A number of Afghanistan’s prominent former Jihadi leaders stress on avoiding a potential uncertainty or civil war in the country. For example, Mohammad Ismail Khan, a member of the Jamiat-e-Islami party, said to media that a civil war can happen in the country if there isn’t a good peace deal in the future. He express concerns about the fragile condition and possibility of war as millions of weapons are among people. Saleh Mohammad Registani, another political analyst says that the Taliban are attempting to enter into the peace process in the political arena of Afghanistan with weapons which could impel him to be prepared alongside other Jihadi leaders to defend the people of Afghanistan against possible threats in the future.
“The Taliban are looking to keep their weapons and their territory both and enter into the political scene of the power. This doesn’t mean peace but a fragile ceasefire and such a move can spark another war. If the Taliban try to enter into peace with weapons, this will not be peace. In that case, of course, we will consider some measures to defend our people,” Mr.
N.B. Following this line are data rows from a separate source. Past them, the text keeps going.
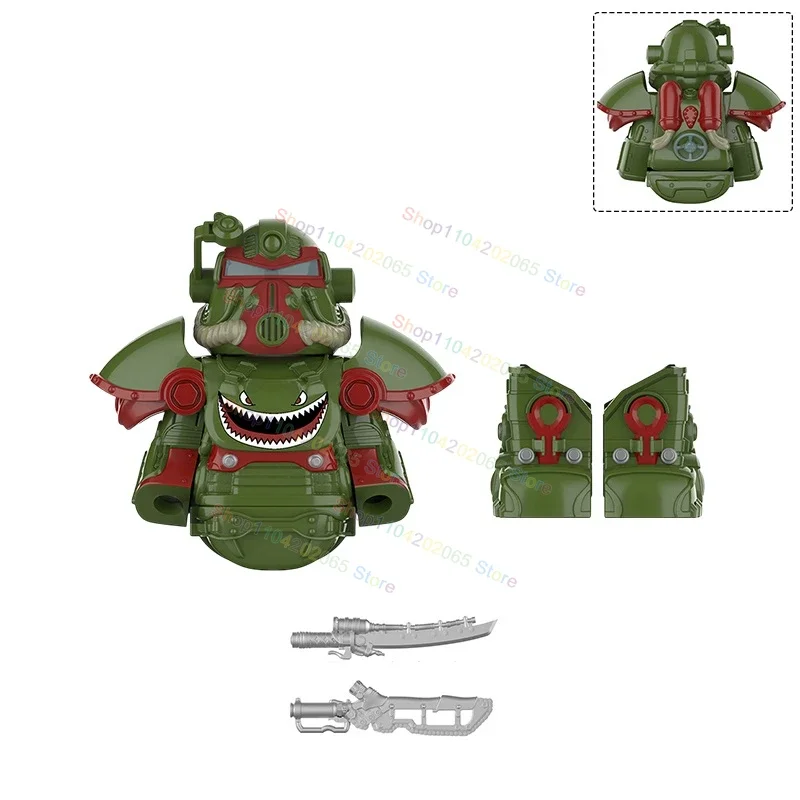 

W1352-W1359 Heavy Armor Warriors Game Soldiers Building Blocks Mini Action Figures Weapons Accessories Toys for Children Gifts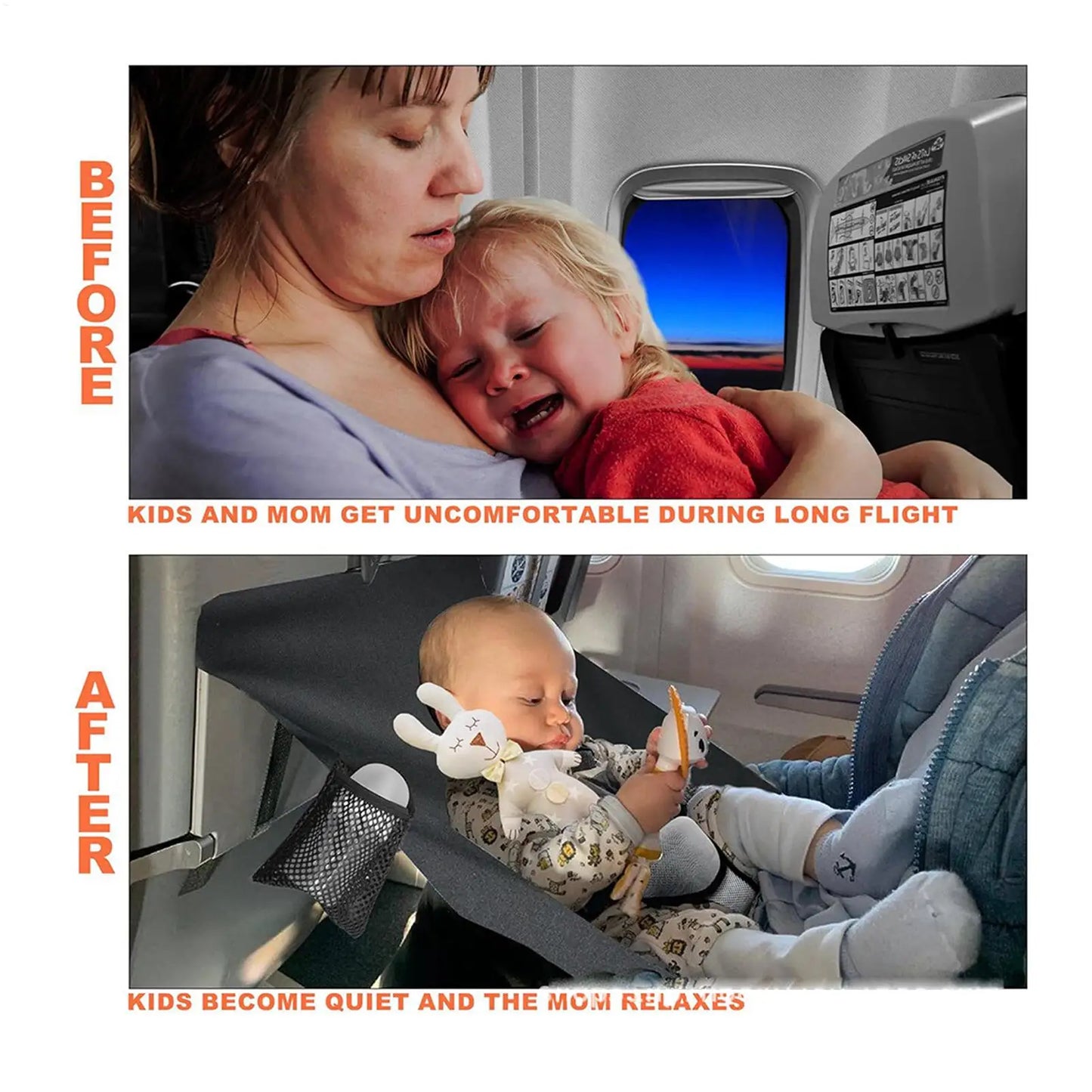 Airplane Bed for Baby Portable Plane Seat Foot Rest Extender Breathable Comfort Hammock Must Have for Flights Car Sleep Crib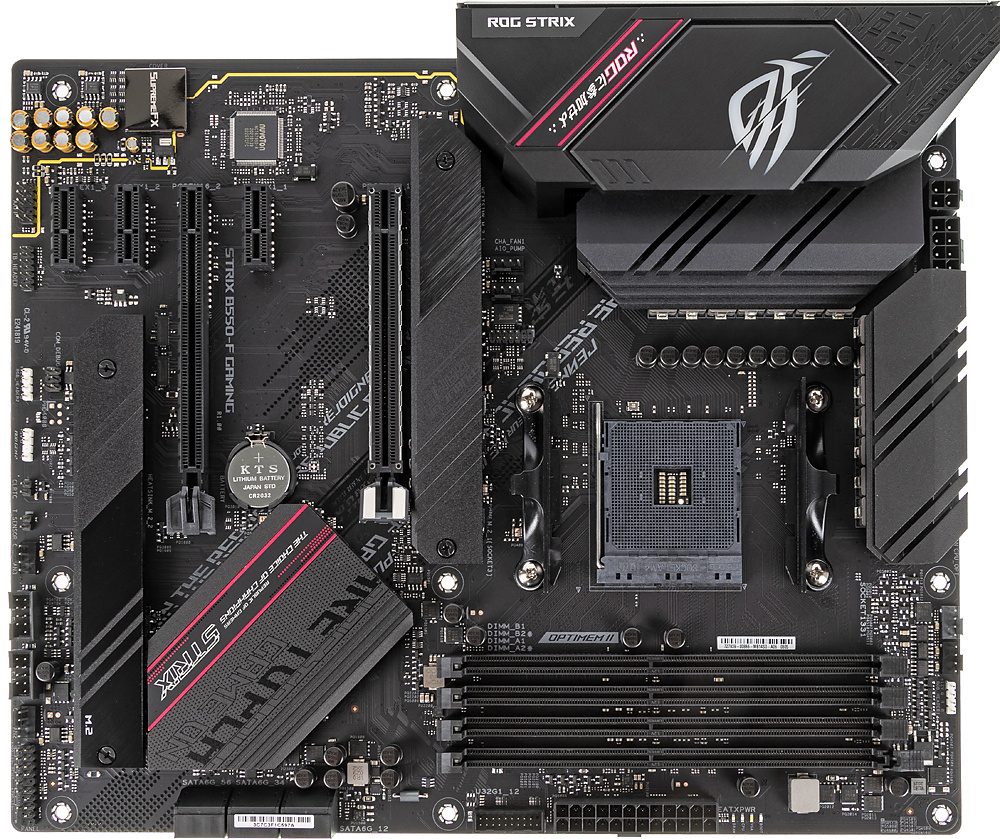 Картинка - Материнская плата Asus ROG STRIX B550-F GAMING Soc-AM4 AMD B550 4xDDR4 ATX AC`97 8ch(7.1) 2.5Gg RAID+HDMI+DP ROG STRIX B550-F GAMING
Registani said pointing at efforts on peace efforts as the Afghans impatiently wait to see what comes out of the recent talks between the US and the Taliban in Doha.
Meanwhile, Mohammad Mohaqiq, another powerful Afghan Jihadi and political figure who has commanded fierce battles against the Taliban in the past says that if the Afghan government fails to form an inclusive peace negotiating team for talking peace with the Taliban, any negotiation with the group will not yield an outcome and instead, this will push the nation towards a new crisis.
In general, it is very important for the people of Afghanistan to know what issues are included and what issues are to be agreed upon. It is true that these are negotiations between the US and Taliban, but any agreement directly affects the future lives and destiny of the Afghan people. The US came to Afghanistan to take revenge on the perpetrators of the 9/11 incident and declared that it has deployed troops in Afghanistan to destroy terrorist networks and want to establish security and support law enforcement agencies in the country. They also wanted to speed up the process of reconstruction and modernization in the country but none has materialized yet.
Therefore, the US should not unilaterally resolve their problems with the enemies of Afghan people and just decide on their own interests, regardless of the collective destiny of the people and the future of governance in the country. In fact, consultation with the government and people of Afghanistan is of the undeniable right of Afghan people and no country should try to ignore it.
Some of the political leaders also try to interrupt the election process.  They should know that the main peace talks begin when talks start on fundamental peace issues that have not begun yet. Undoubtedly, the Government and Taliban talks will be the most challenging and time-consuming one. We should note that both sides have been fighting for 18 years and each side has certain goals and considerations which are not resolvable in a short time. The negotiations may last a year or more.
On the other hand, the talks are not only about the ceasefire and withdrawal of foreign troops from Afghanistan, but the main issue of the agreement is on republicanism and emirate. Also the issue of human rights and citizenship, the issue of women rights, essential rights and freedom of people, especially minority groups. This is where the issue becomes critical for the people of Afghanistan. So, delaying the elections will have nothing but failure, political disruption, and the collapse of the system.